In-memory key-value namespaces backed by ETS partitions. Multiple independent namespaces coexist using different kv_name values.

KeyValue.add(kv_name, key, value)
KeyValue.get(kv_name, key, default \\ nil, opts \\ [])
KeyValue.remove(kv_name, key)
KeyValue.remove_all(kv_name)

KeyValue.keys(kv_name, opts \\ [])
KeyValue.values(kv_name, opts \\ [])
KeyValue.count(kv_name, opts \\ [])
KeyValue.to_list(kv_name, opts \\ [])

KeyValue.add_batch(kv_name, pairs)
KeyValue.remove_batch(kv_name, keys)

Queue

Named FIFO queues backed by ETS partitions.

Queue.add(queue_name, value)
Queue.out(queue_name, default \\ nil)
Queue.peak(queue_name, default \\ nil, opts \\ [])
Queue.count(queue_name, opts \\ [])
Queue.get_all(queue_name)

Stack

Named LIFO stacks backed by ETS partitions.

Stack.push(stack_name, value)
Stack.pop(stack_name, default \\ nil)
Stack.count(stack_name, opts \\ [])
Stack.get_all(stack_name)

Struct

In-memory struct store backed by ETS partitions.

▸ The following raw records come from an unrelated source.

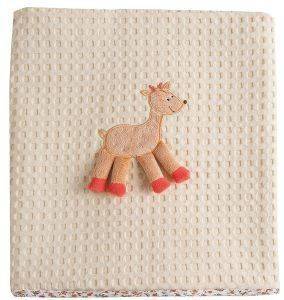 ΒΡΕΦΙΚΗ ΚΟΥΒΕΡΤΑ ΠΙΚΕ ΚΟΥΝΙΑΣ DAS HOME DREAM LINE EMBROIDERY 110Χ150CM 6277 ΒΡΕΦΙΚΗ ΚΟΥΒΕΡΤΑ ΠΙΚΕ ΚΟΥΝΙΑΣ DAS HOME DREAM LINE EMBROIDERY 110Χ150CM 6277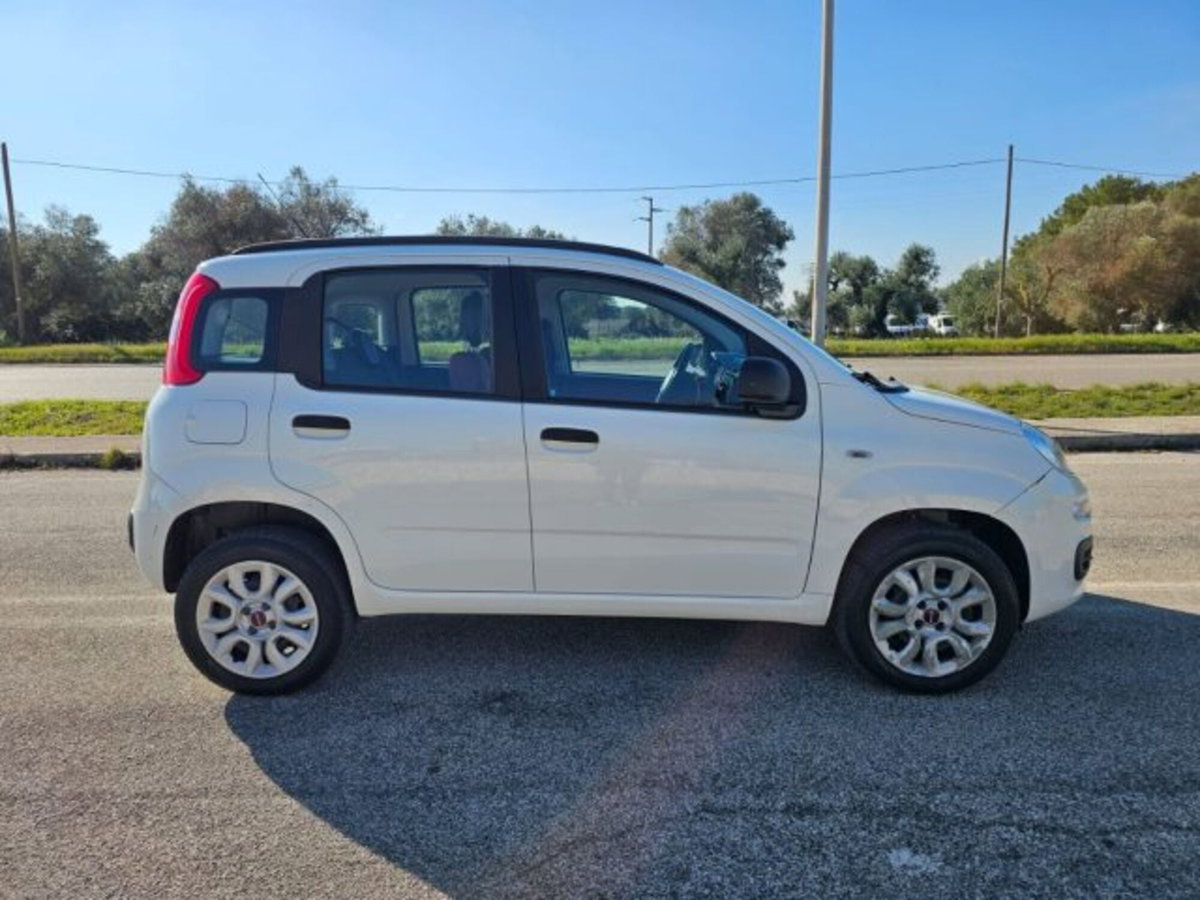Fiat Panda 0.9 TwinAir Turbo Natural Power Pop Van 2 posti (4)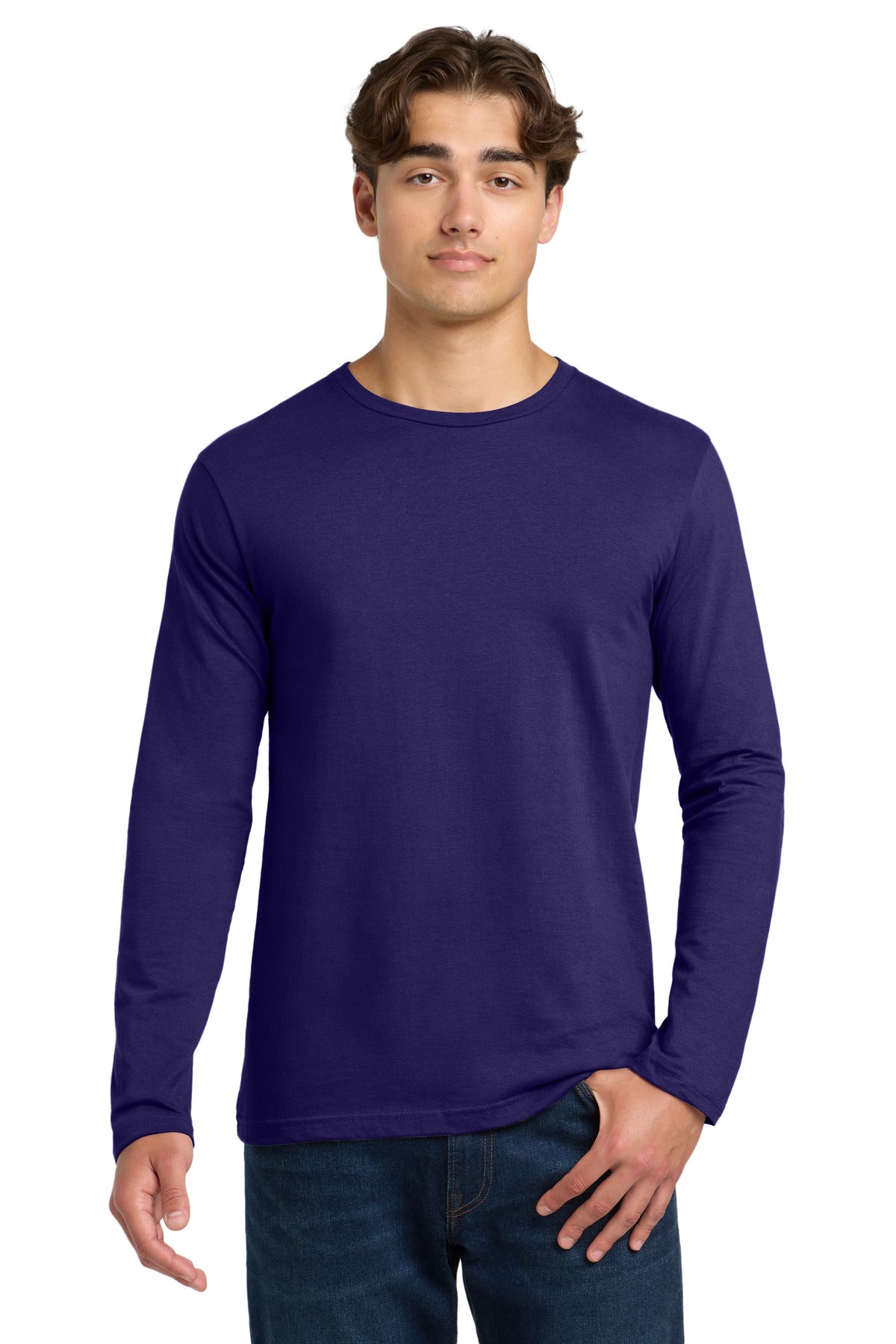 Fan Dark Purple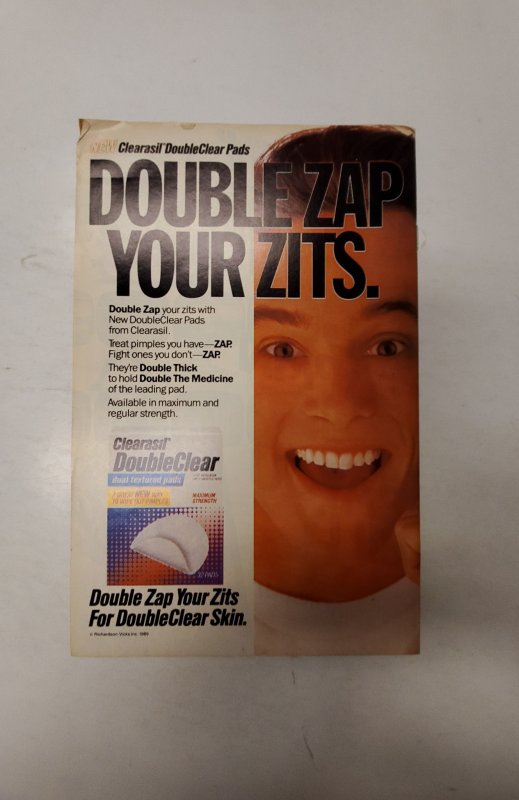 The Punisher #32 (1990) NM Marvel Comic Book J686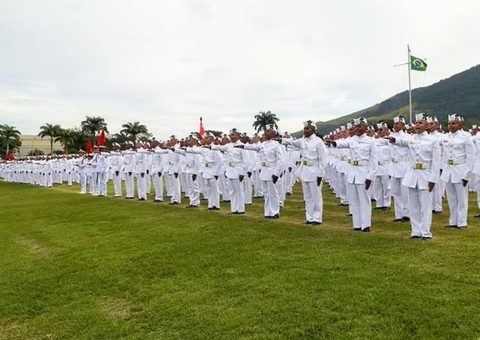 Marinha abre concurso para fuzileiros navais com 1.680 vagas 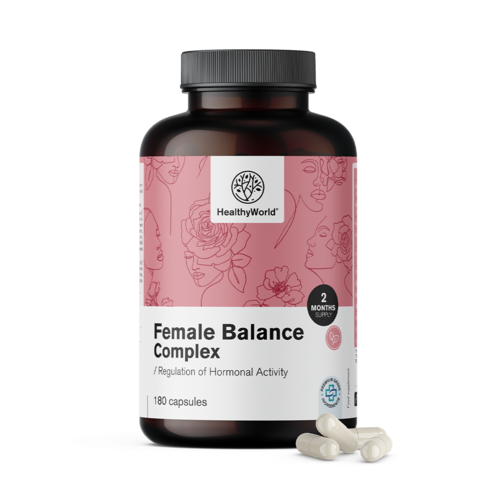 Female Balance – kompleks za žene, 180 kapsula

Call init/2 once per struct type before using.

Struct.init(struct, key \\ :id)
Struct.add(struct)
Struct.get(struct, opts \\ [])
Struct.get_all(struct, opts \\ [])
Struct.remove(struct)
Struct.remove_all(struct)

Distributed Mode

SuperCache supports distributing data across a cluster of Erlang nodes with configurable consistency guarantees.

Configuration

All nodes must share identical partition configuration:

# config/config.exs
config :super_cache,
  auto_start:         true,
  key_pos:            0,
  partition_pos:      0,
  cluster:            :distributed,
  replication_mode:   :async,      # :async | :sync | :strong
  replication_factor: 2,           # primary + 1 replica
  table_type:         :set,
  num_partition:      8            # Must match across ALL nodes

# config/runtime.exs
config :super_cache,
  cluster_peers: [
    :"node1@10.0.0.1",
    :"node2@10.0.0.2",
    :"node3@10.0.0.3"
  ]

Replication Modes

Mode	Guarantee	Latency	Use Case
`:async`	Eventual consistency	~50-100µs	High-throughput caches, session data
`:sync`	Majority ack (adaptive quorum)	~100-300µs	Balanced durability/performance
`:strong`	WAL-based strong consistency	~200µs	Critical data requiring durability

Async Mode: Fire-and-forget replication via Task.Supervisor worker pool. Returns immediately after local write.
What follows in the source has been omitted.